The Bodleian Library is home to some of the earliest books printed with a European letter press on Japanese soil. Bodley’s Librarian and Laudian Professor of Arabic Thomas Hyde (1636–1703) added a provenance note to one of these books, a Japanese translation of the “Imitation of Christ”, printed at a secret location near Nagasaki in 1596 (Arch. B e.42). The note states that the book was “the gift of a Reverend man lately brought back from India, Mr. John Evans, 1695”. Researching the provenance of the Bodleian copy, one of only three extant, I took a closer look at Anglican minister John Evans (c. 1652–1724), later bishop of Bangor, and his collaboration with Thomas Hyde. How did Evans get hold of this translation created by the Jesuit mission press in Japan and why did he donate it to the Library?

A first trace led to two additional gifts bestowed to the Library by Evans in 1695. One was a scroll with a birthday calculator in Bengali (now deemed lost); the other (MS. Or. Polyg. c. 1) [see a summary record for the Or. Polyglot manuscripts], which was brought to my attention by Dr Alessandro Bianchi, is a most significant miscellany with specimens of Asian scripts and official correspondence. The newly rediscovered miscellany provides an unexpected opportunity to explore transnational networks involving Asia and Europe.

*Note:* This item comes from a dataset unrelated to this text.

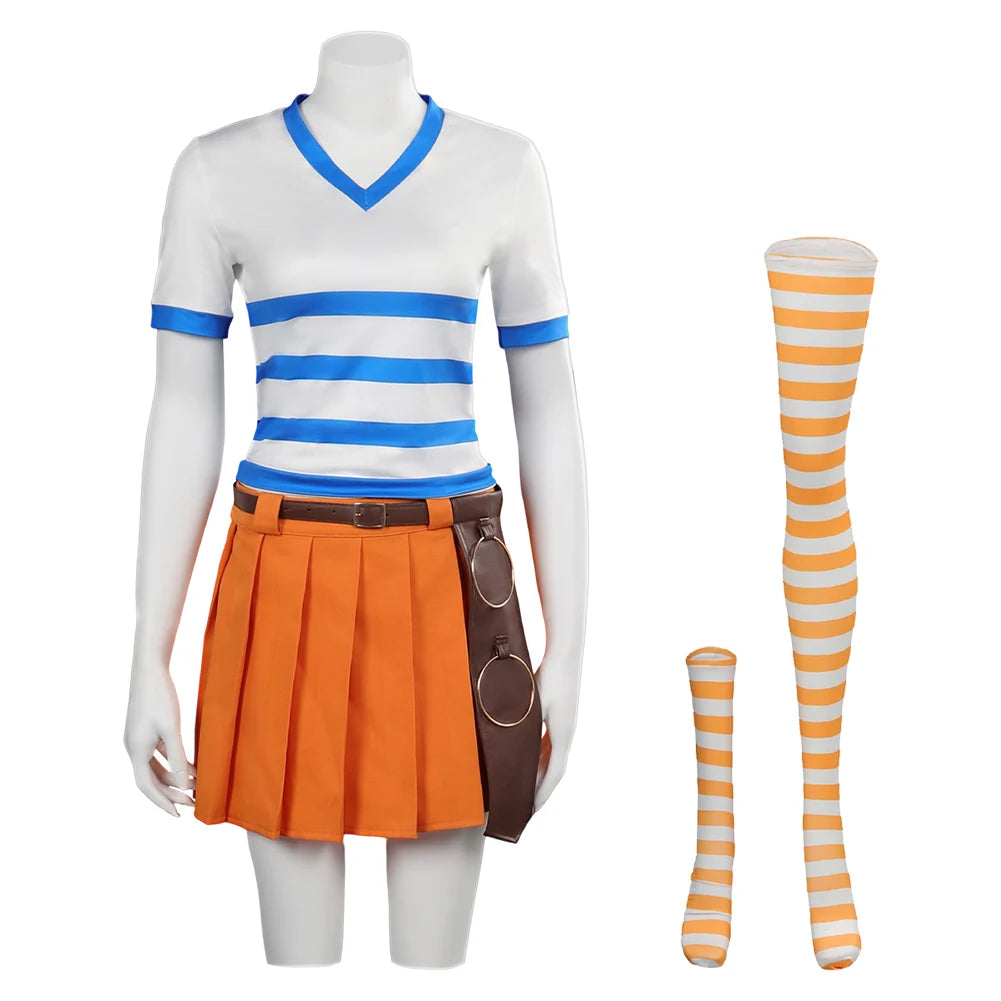 Kostium cosplay One Piece – strój Nami (wersja Zou z pomarańczową spódnicą)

The miscellany contains samples of scripts from China, Bhutan, from the Manchu people and from continental Southeast Asia, in addition to a Bengali syllabary. The letters appear to be copies. The samples also contain dates (some not conforming to official dynastic chronology), place names and personal names and titles. My analysis of the watermarks suggests that the miscellany was assembled not much before or in 1693, the year Evans returned to England from Bengal.

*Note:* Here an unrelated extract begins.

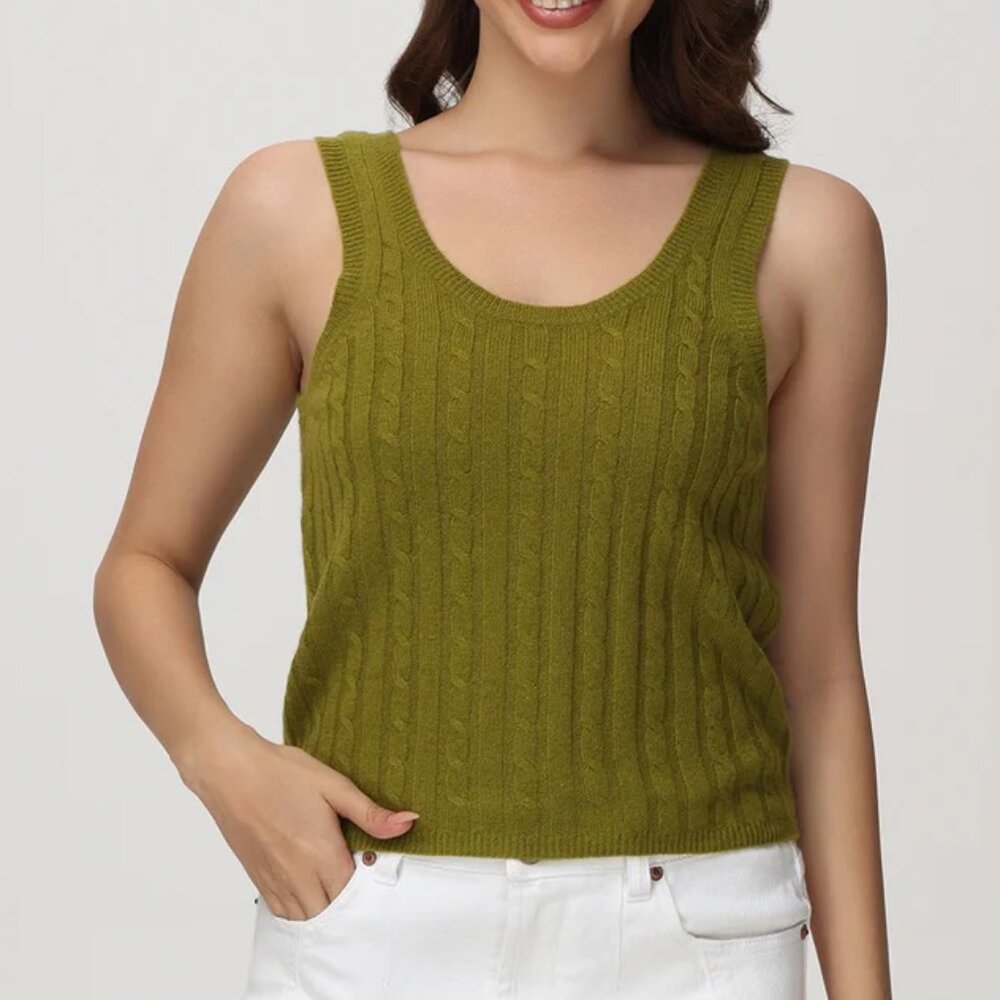 525 America Cashmere Cable Crop Tank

The nature of Evans’s miscellany and its possible uses in South Asia clearly points to its trade connection. It contains, for example, a sample of a Japanese letter and the cover of a Chinese letter issued by the “Chief Surveillance Bureau”.

Most exciting was the discovery that a Manchu text sample and a Tibetan safe-travel document (lam-yig) issued in 1688 to an Armenian merchant are the originals of two engraved plates in Thomas Hyde’s 1700 pioneering study on the history of Persian religion. The work includes comparisons of various Asian languages as well, illustrated with plates of Asian scripts engraved by Michael Burghers (c. 1647/8–1727). Until the discovery of the miscellany, Hyde’s plate with the Tibetan passport counted as one of the earliest witnesses of Tibetan writing in the West.

The sources on John Evans suggest that his office in India as well as his clandestine trade business took him to different places in Bengal and the Coromandel Coast where the Portuguese had been present from the 1530s onward. Evans may have got hold of a Jesuit mission press book from Japan at one of the Portuguese settlements in India. Since his friend Thomas Hyde seemed to have been keen on studying Asian languages, a field of study in its infancy, Evans gifted the three items from his Bengal days to the Library.

*Because of the polyglot nature of the miscellany, various specialists were consulted, notably Alessandro Bianchi, Ryūji Hiraoka, Ana Carolina Hosne, Jana Igunma, Nicholas Kontovas, Peter Kornicki, Charles Manson, Sven Osterkamp, Johannes Reckel, and Dagmar Schwerk. A more thorough investigation which is currently being undertaken will be published in the near future.

Dr Katja Triplett is Affiliate Professor of the Study of Religions, Marburg University, and senior research fellow at Leipzig University with a project on religion and translation in the Early Modern period, funded by the German Research Council (DFG).